Der Gesetzentwurf stellt die Leugnung offiziell anerkannter Völkermorde unter Strafe - darunter nach französischer Lesart auch die Verbrechen an den Armeniern im Osmanischen Reich 1915-1917. Paris hatte sie 2001 zum Genozid erklärt. Die Türkei als Rechtsnachfolgerin des Osmanischen Reiches bestreitet einen Genozid.
Ankara rief aus Protest seinen Botschafter zu Konsultationen in die Heimat zurück. "Mein Botschafter wird morgen für einen unbestimmten Zeitraum in die Türkei abreisen", erklärte am Donnerstag Botschaftssprecher Engin Solakoglu der Nachrichtenagentur dpa.
Der von der konservativen UMP-Abgeordneten Valérie Boyer eingebrachte Entwurf passierte die erste Parlamentskammer über alle Parteigrenzen hinweg mit einer großen Mehrheit der 50 anwesenden Abgeordneten - nur ein halbes Dutzend Parlamentarier stimmte dagegen. Der Entwurf muss nun noch vom Senat gebilligt werden.
Boyer meinte nach der Abstimmung im Nachrichtensender BFM-TV mit Blick auf die türkischen Drohungen: "Wir befinden uns nicht in einer türkisch-französischen Debatte, wir sind französische Abgeordnete, die vom französischen Volk gewählt wurden." Das Gesetz ziele nicht auf die heutige Türkei oder deren Regierung. Es sei paradox, dass ein Land mit Repressalien drohe, das die Aufnahme in die EU anstrebe.
Türkei drohte mit wirtschaftliche und politische Maßnahmen
Ankara hatte im Vorfeld zudem wirtschaftliche und politische Maßnahmen als Reaktion auf eine Zustimmung der Nationalversammlung angekündigt, ohne diese zunächst im Detail zu erklären. Türkische Medien berichteten, der Abzug des türkischen Militärattachés aus Paris und eine Aussetzung der bilateralen militärischen Zusammenarbeit seien weitere Optionen. Ankara könne auch den politischen Dialog mit Frankreich über Fragen wie den Syrien-Konflikt einschränken, hieß es.

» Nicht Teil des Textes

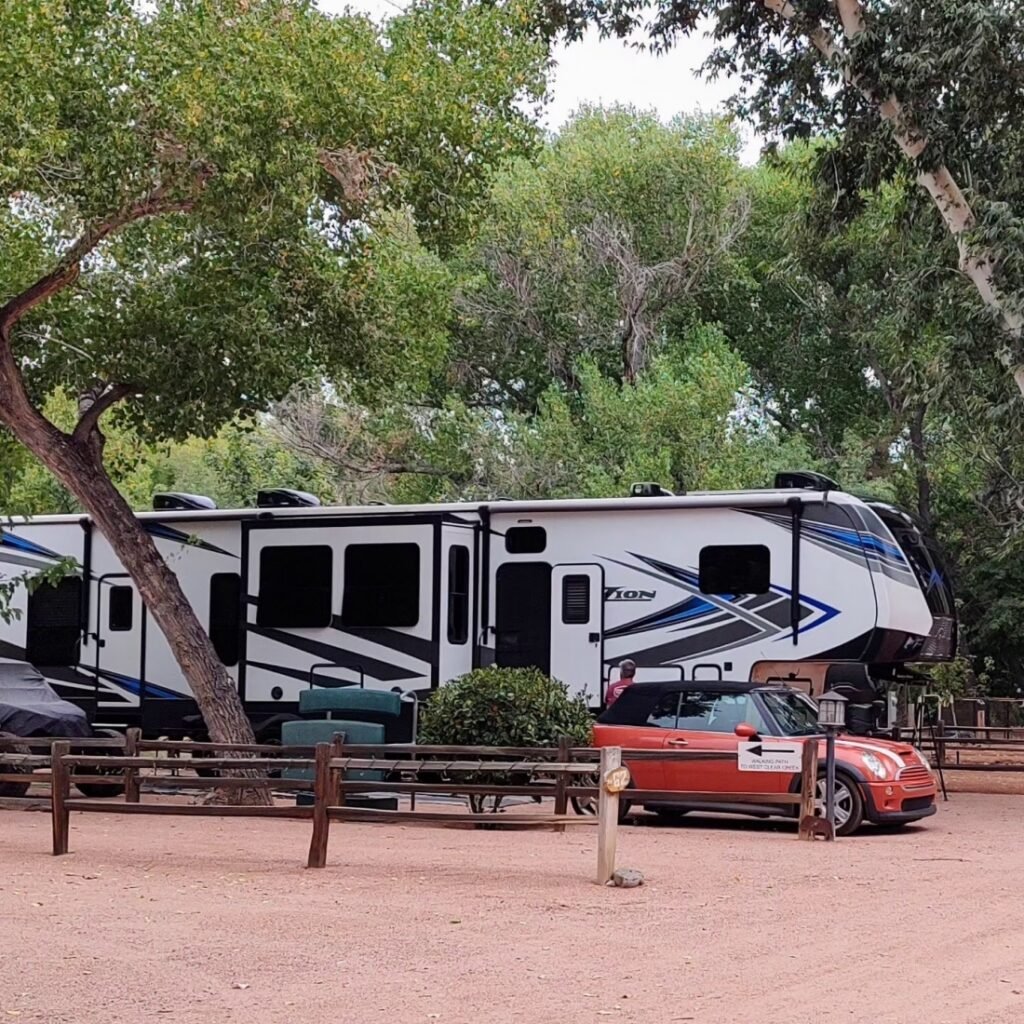 Fifth wheel campsit at Zane Grey RV VIllage (Image by: @lchrisman, RV LIFE Campgrounds)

Der für europäische Angelegenheiten zuständige Minister Jean Leonetti hatte die türkischen Drohungen am Donnerstag im Rundfunksender "France Inter" jedoch als haltlos zurückgewiesen und einen entspannteren Dialog mit Ankara gefordert. Er glaube nicht an ernsthafte Konsequenzen, sagte Leonetti.
Die Türkei sieht im geplanten Gesetz ein wahltaktisch motiviertes Manöver von Präsident Nicolas Sarkozy, das auf armenischstämmige Wähler zielt. Bei der offenen Abstimmung unterstützten auch die oppositionellen Sozialisten den Entwurf.
Türken protestieren - Armenien dankt für Genozid-Gesetz
Unmittelbar zuvor hatten rund tausend Menschen vor der Nationalversammlung gegen den Gesetzesvorstoß protestiert. Im Osmanischen Reich kamen nach unterschiedlichen Schätzungen während des Ersten Weltkriegs zwischen 200.000 und 1,5 Millionen Armenier ums Leben.
Armenien dankte Frankreich offiziell für das Genozid-Gesetz. Der französische Staat habe damit bewiesen, dass die Menschenrechte die höchsten Werte überhaupt seien, sagte der armenische Außenminister Edward Nalbandjan am Donnerstag nach Angaben von Medien in Eriwan. Wegen des Streits um die Gräueltaten ist die Grenze zwischen Armenien und der Türkei geschlossen.